No Poster

Gola Barood

N/A
Director
David Dhawan
Studio
Ravinder Dhanoa
Language
Hindi

Cast

Review

5/10Critic Score

"Gola Barood" had potential—a genuinely compelling premise about the taut relationship between a reformist jailor and the convict he once owed his life to. The core conflict works: Vijay's idealism versus Shambhu's rage, their bond tested by circumstance and duty. But the film squanders this foundation almost immediately. Director Raghunath Dhama shoots the prison sequences with competence but no real visual flair, and the pacing lurches between melodrama and action without finding a rhythm that serves either. The performances are uneven—there's occasional spark in the scenes between the two leads where they're allowed to be vulnerable, but too often they're drowned out by contrived plot mechanics and Dabur's one-note villainy that wouldn't scare a schoolkid.

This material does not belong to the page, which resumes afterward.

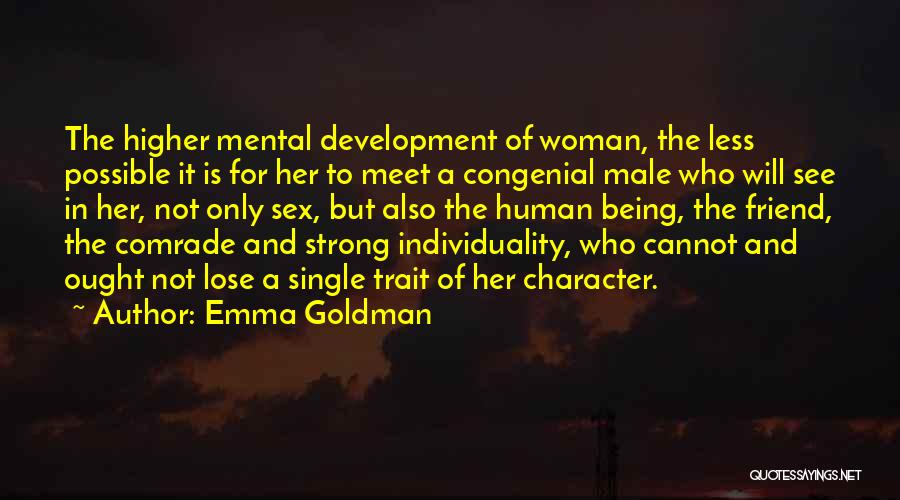 Being Strong And Single Quotes By Emma Goldman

The second and third acts become an exercise in frustration. The emotional core—whether Vijay can save Shambhu from himself—gets buried under a treasure heist subplot that feels borrowed from a dozen other films. The screenplay loses faith in its own themes and defaults to explosions and double-crosses instead of exploring the actual moral complexity it sets up. By the time the climax arrives, you've stopped caring whether these men reconcile because the film clearly doesn't care anymore—it's just going through the motions. The mother kidnapping feels especially lazy, a narrative crutch to manufacture stakes where genuine character conflict should suffice.

Rating: 5/10

Arjun Nair, Bollyhits ↗

Storyline

Vijay's got this burning passion to reform criminals because he's sick of watching his cop father brutalize them—but then he gets attacked and saved by Shambhu, this rough-around-the-edges truck driver who'll eventually become one of the most feared escaped convicts in the system. Years later, Vijay becomes Deputy Jailor and gets assigned to guard Shambhu, which should be awkward but instead becomes this intense battle of wills between reform and rebellion. The chemistry between them crackles with tension as Vijay genuinely tries to reach the man who once saved his life.

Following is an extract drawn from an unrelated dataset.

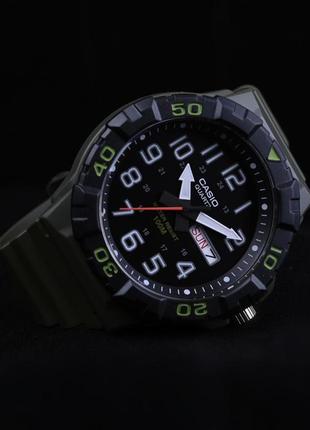 Годинник наручний casio mrw-210h-3a хакі military3 фото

Then things explode when this vicious criminal Dabur kidnaps Vijay's mother, and guess who swoops in to save her? Shambhu does, and suddenly they're bonded again, this connection stronger than any prison wall. But Dabur's not done—he grabs Shambhu's sister next and forces him into an impossible choice: rob the treasury or lose her forever. Now you've got these two former allies on a collision course, with Vijay's job and conscience on one side and Shambhu's family on the other.

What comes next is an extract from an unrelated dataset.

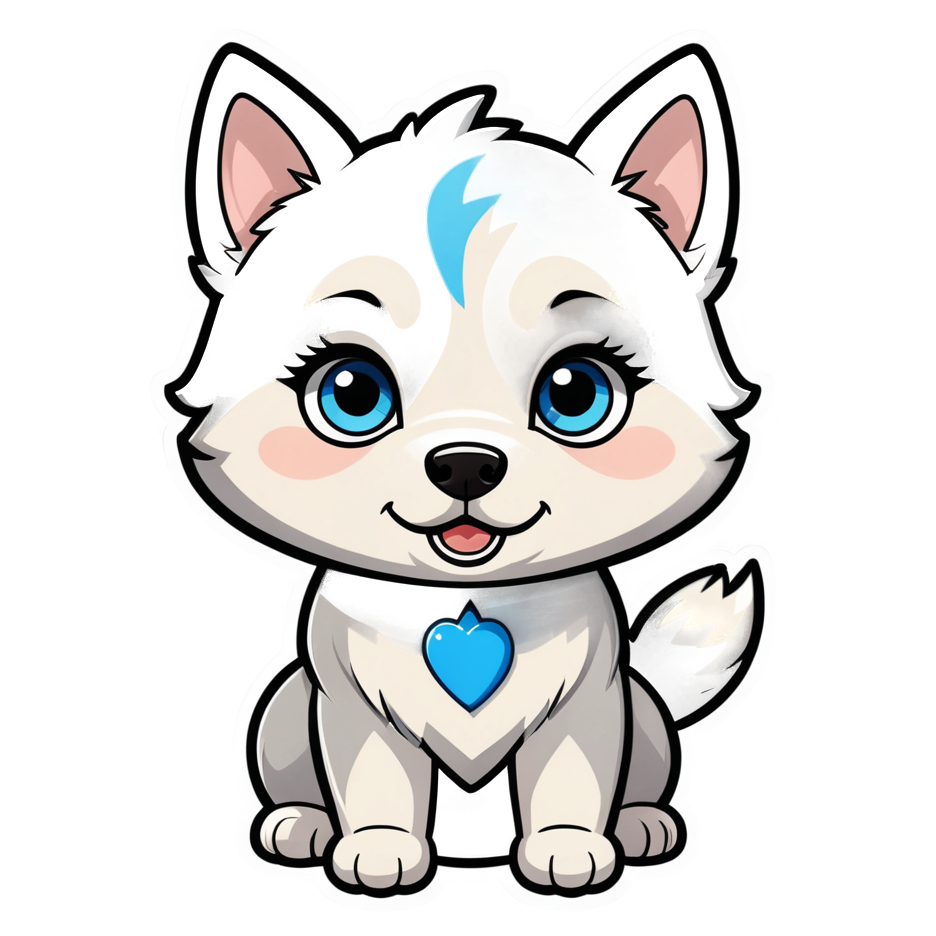 Husky (kawaii) — dog stickers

The final act is pure chaos and heart as Vijay races against the clock to stop the robbery while genuinely torn about stopping his friend, and Shambhu has everything to lose no matter what he does. Dabur thinks he's orchestrated the perfect crime, but he's underestimated the bond between these two men and what they're willing to sacrifice. It all comes down to whether friendship can survive betrayal, whether redemption is possible, and whether a single act of kindness years ago can matter more than everything that came after!